Time Period3 Months [change]
DirectionMoves Against 
StrengthSignificant
Accuracy90.16%
ValuesDaily Returns

Universal Electronics  vs.  TCL Electronics Holdings

 Performance 
       Timeline  
Universal Electronics 

Risk-Adjusted Performance

Very Weak

 
Weak
 
Strong
Over the last 90 days Universal Electronics has generated negative risk-adjusted returns adding no value to investors with long positions. In spite of conflicting performance in the last few months, the Stock's forward indicators remain rather sound which may send shares a bit higher in April 2025. The latest tumult may also be a sign of longer-term up-swing for the firm shareholders.
TCL Electronics Holdings 

Risk-Adjusted Performance

OK

 
Weak
 
Strong
Compared to the overall equity markets, risk-adjusted returns on investments in TCL Electronics Holdings are ranked lower than 14 (%) of all global equities and portfolios over the last 90 days.

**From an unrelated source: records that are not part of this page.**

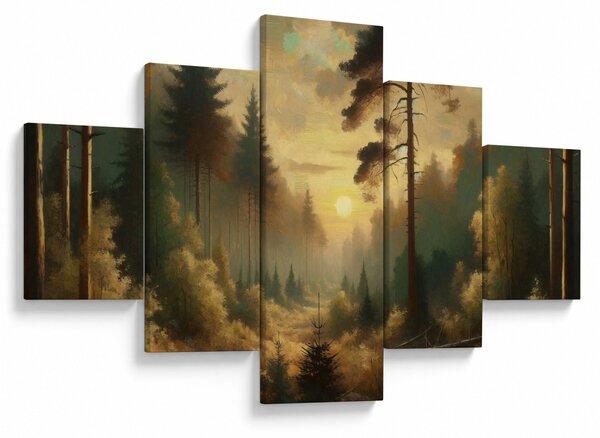 Obraz - Słońce świecące przez las (125x70 cm)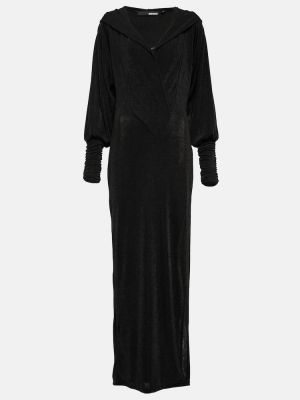 Dlouhé šaty s kapucí Rotate Birger Christensen černé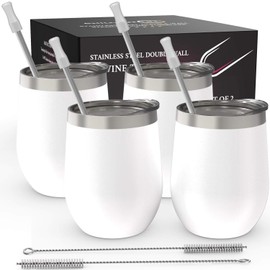 CHILLOUT LIFE Stainless Steel Wine Tumblers 4 Pack 12 oz - Double Wall Vacuum Insulated Wine Cups with Lids and Straws Set Coffee, Wine, Cocktails - Powder Coated White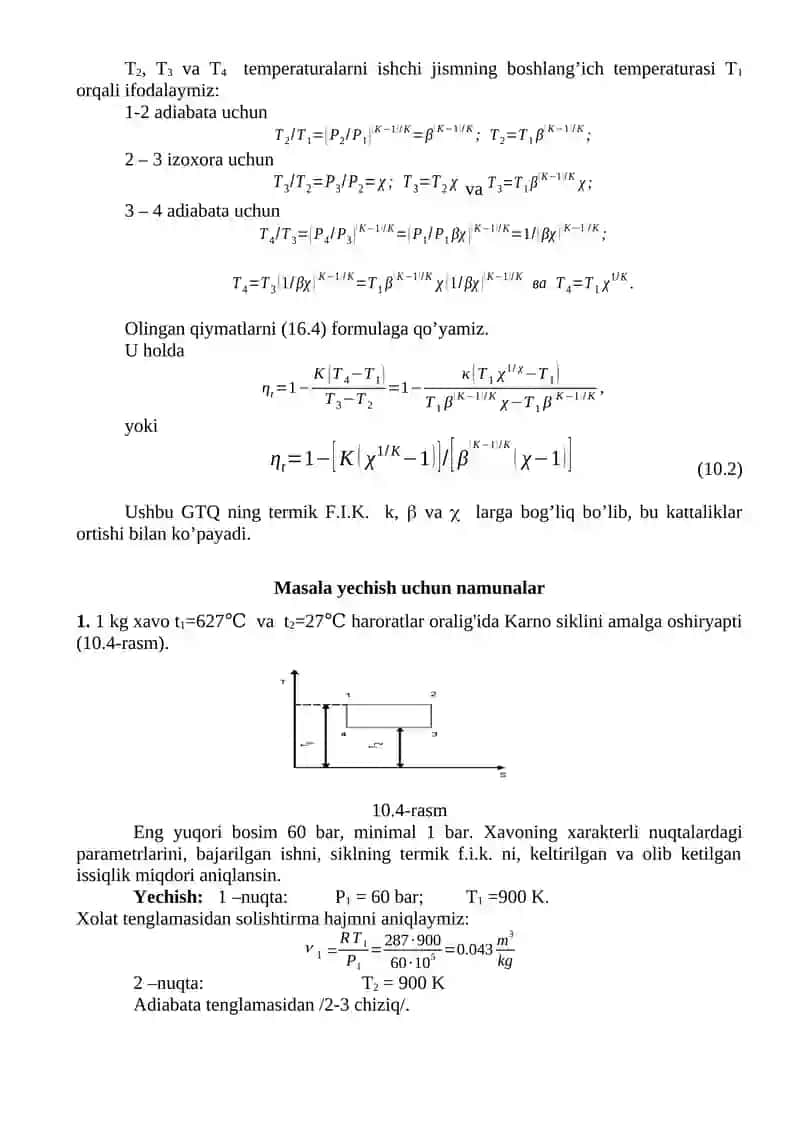Issiqlik V=const da uzatiladigan gaz turbinali qurilmalar 2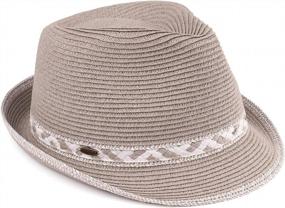 img 3 attached to Funky Junque Womens Multicolor Short Brim Fedora Hat With UPF50+ Protection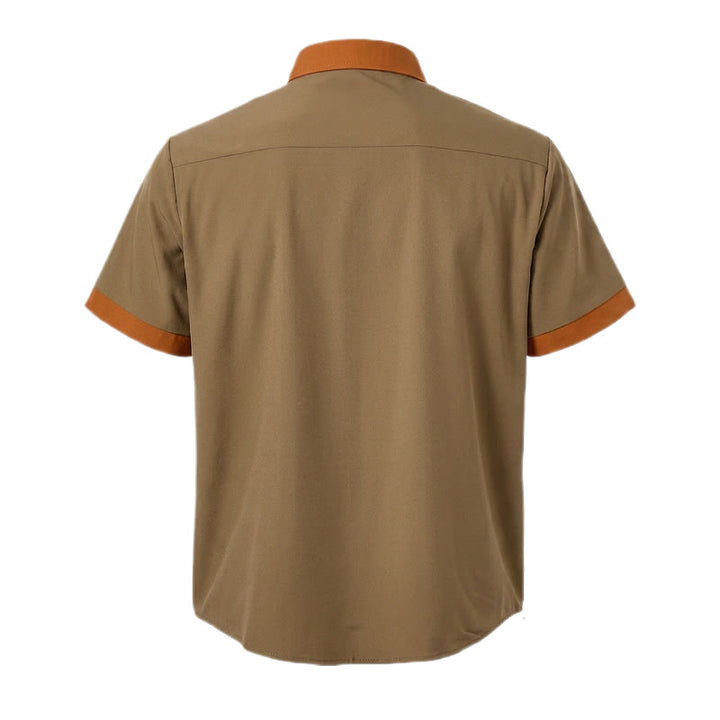 Chemise d'été pour homme, style bodybuilder, avec bordure orange contrastée - image 4
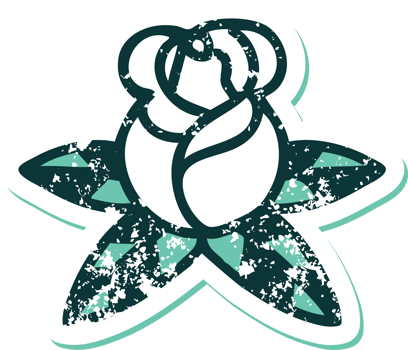 iconic distressed sticker tattoo style image of a single rose png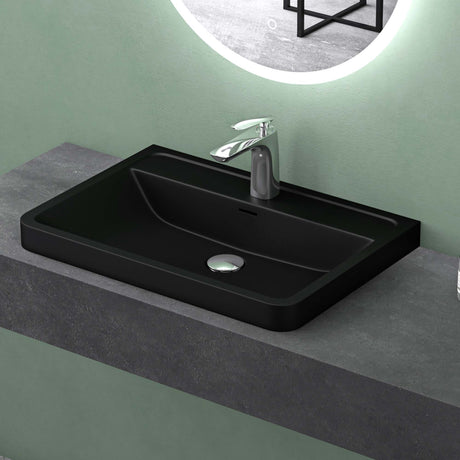 glasvilla Lavabo da Appoggio da Marmo fuso Lavandino Bagno Rettangolare con Troppopieno Colossum08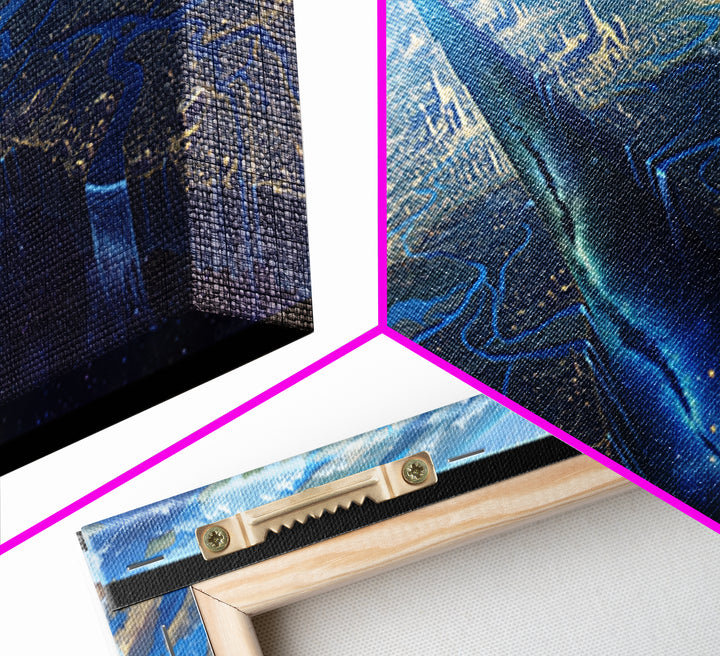 Futuristic Sky Spire Over Earth City Wall Art, Blue Sci Fi Landscape, Modern Canvas Art, Office Decor, Statement Wall Decor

Despite nearly fragile technical indicators, TCL Electronics reported solid returns over the last few months and may actually be approaching a breakup point.

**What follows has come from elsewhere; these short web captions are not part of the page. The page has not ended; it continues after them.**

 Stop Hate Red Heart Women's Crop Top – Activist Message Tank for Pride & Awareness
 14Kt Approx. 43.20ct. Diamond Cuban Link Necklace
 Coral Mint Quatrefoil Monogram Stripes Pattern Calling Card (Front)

Universal Electronics and TCL Electronics Volatility Contrast

   Predicted Return Density   
       Returns  

Pair Trading with Universal Electronics and TCL Electronics

The main advantage of trading using opposite Universal Electronics and TCL Electronics positions is that it hedges away some unsystematic risk. Because of two separate transactions, even if Universal Electronics position performs unexpectedly, TCL Electronics can make up some of the losses. Pair trading also minimizes risk from directional movements in the market. For example, if an entire industry or sector drops because of unexpected headlines, the short position in TCL Electronics will offset losses from the drop in TCL Electronics' long position.
The idea behind Universal Electronics and TCL Electronics Holdings pairs trading is to make the combined position market-neutral, meaning the overall market's direction will not affect its win or loss (or potential downside or upside). This can be achieved by designing a pairs trade with two highly correlated stocks or equities that operate in a similar space or sector, making it possible to obtain profits through simple and relatively low-risk investment.
Check out your portfolio center.
Note that this page's information should be used as a complementary analysis to find the right mix of equity instruments to add to your existing portfolios or create a brand new portfolio. You can also try the Portfolio Analyzer module to portfolio analysis module that provides access to portfolio diagnostics and optimization engine.